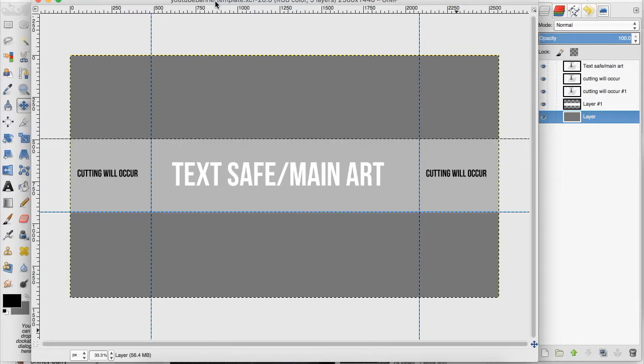I'm going to provide this template as a link in the description so you can follow along with me and also have a great template to use for your channel art.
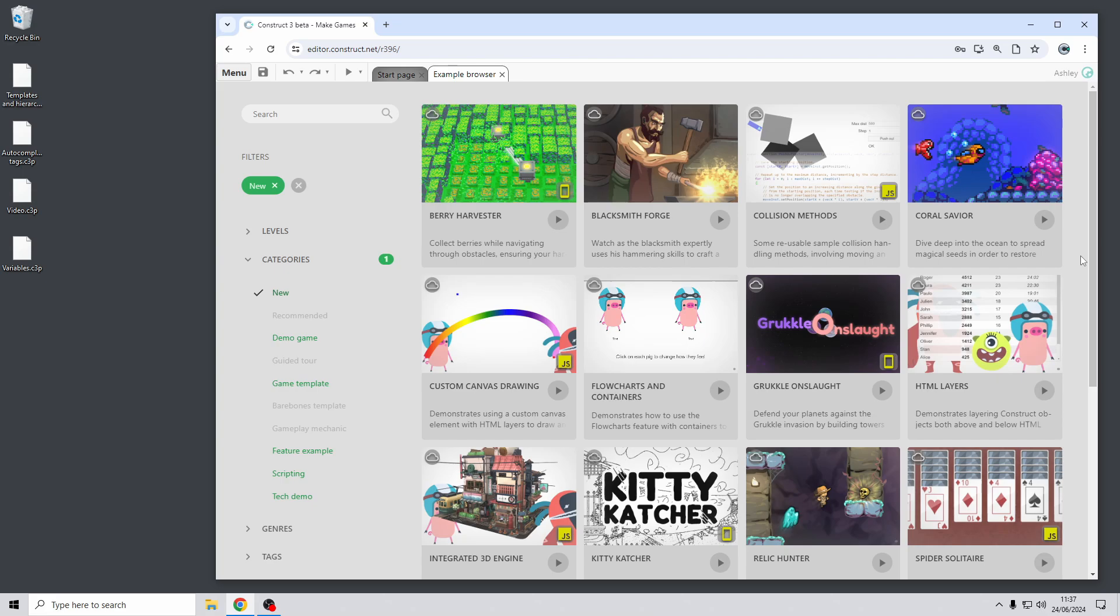Hi folks, my name's Ashley. I'm one of the founders of Scirra and in this video I'm going to go through just a few of the highlights of the Construct 3 release 397. Let's dive in.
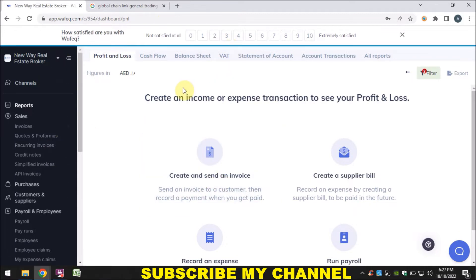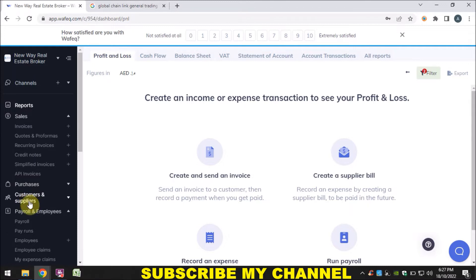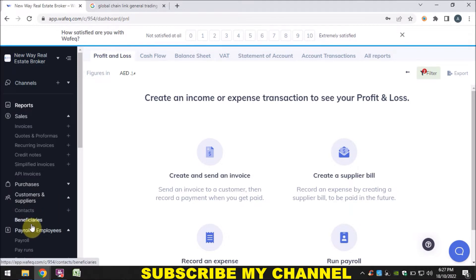On the dashboard, you can see on the left side there is a report, sale, and then purchase. Below the purchase, you can see a section named customer and supplier. When you click on it, you will see two options: one is contacts and the other one is beneficiary. Contacts we will use for uploading customer and supplier details, and beneficiary is used if you need to update bank details.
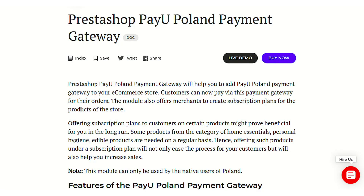Hello everyone and welcome to this video tutorial of PrestaShop PayU Poland payment gateway module. In this video I'll explain the process to configure the module and take you through the total workflow. This payment method also offers you the ability to create subscription plans and assign products to those plans, so customers can easily subscribe to products based on the plan price you are offering.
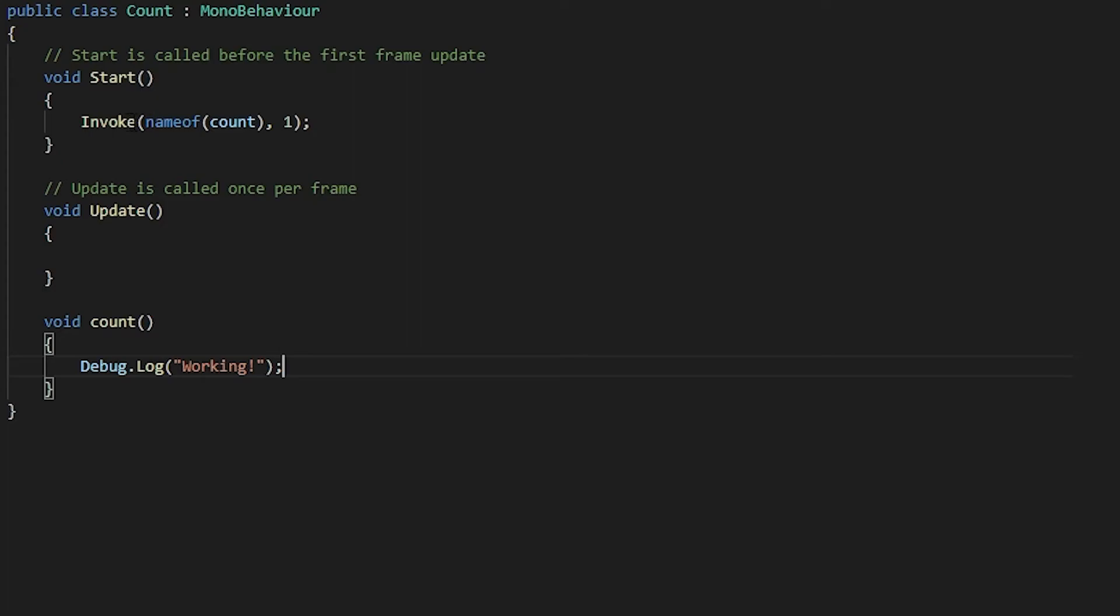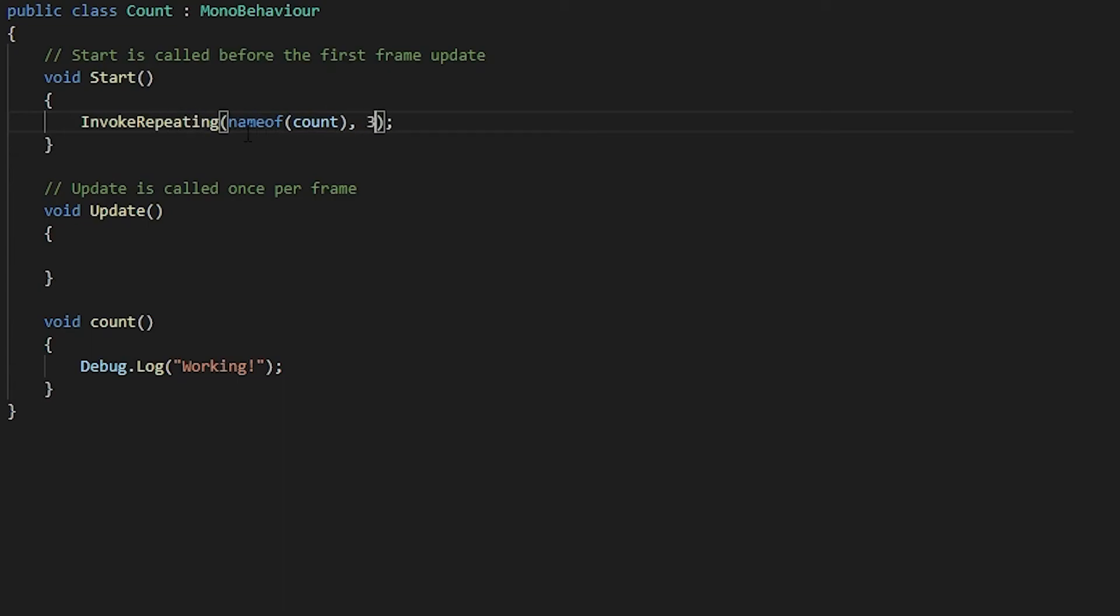If you want something to be run multiple times with the Invoke system, all you have to do is put repeating after the Invoke for the time you want it to wait until it is run again.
- - - -
▸ What to do: A faithful copy is needed: reproduce all of the data above, leaving the pictures out.

▸ Result of the exercise:
I'm going to provide this template as a link in the description so you can follow along with me and also have a great template to use for your channel art.
Hi folks, my name's Ashley. I'm one of the founders of Scirra and in this video I'm going to go through just a few of the highlights of the Construct 3 release 397. Let's dive in.
On the dashboard, you can see on the left side there is a report, sale, and then purchase. Below the purchase, you can see a section named customer and supplier. When you click on it, you will see two options: one is contacts and the other one is beneficiary. Contacts we will use for uploading customer and supplier details, and beneficiary is used if you need to update bank details.
Hello everyone and welcome to this video tutorial of PrestaShop PayU Poland payment gateway module. In this video I'll explain the process to configure the module and take you through the total workflow. This payment method also offers you the ability to create subscription plans and assign products to those plans, so customers can easily subscribe to products based on the plan price you are offering.
If you want something to be run multiple times with the Invoke system, all you have to do is put repeating after the Invoke for the time you want it to wait until it is run again.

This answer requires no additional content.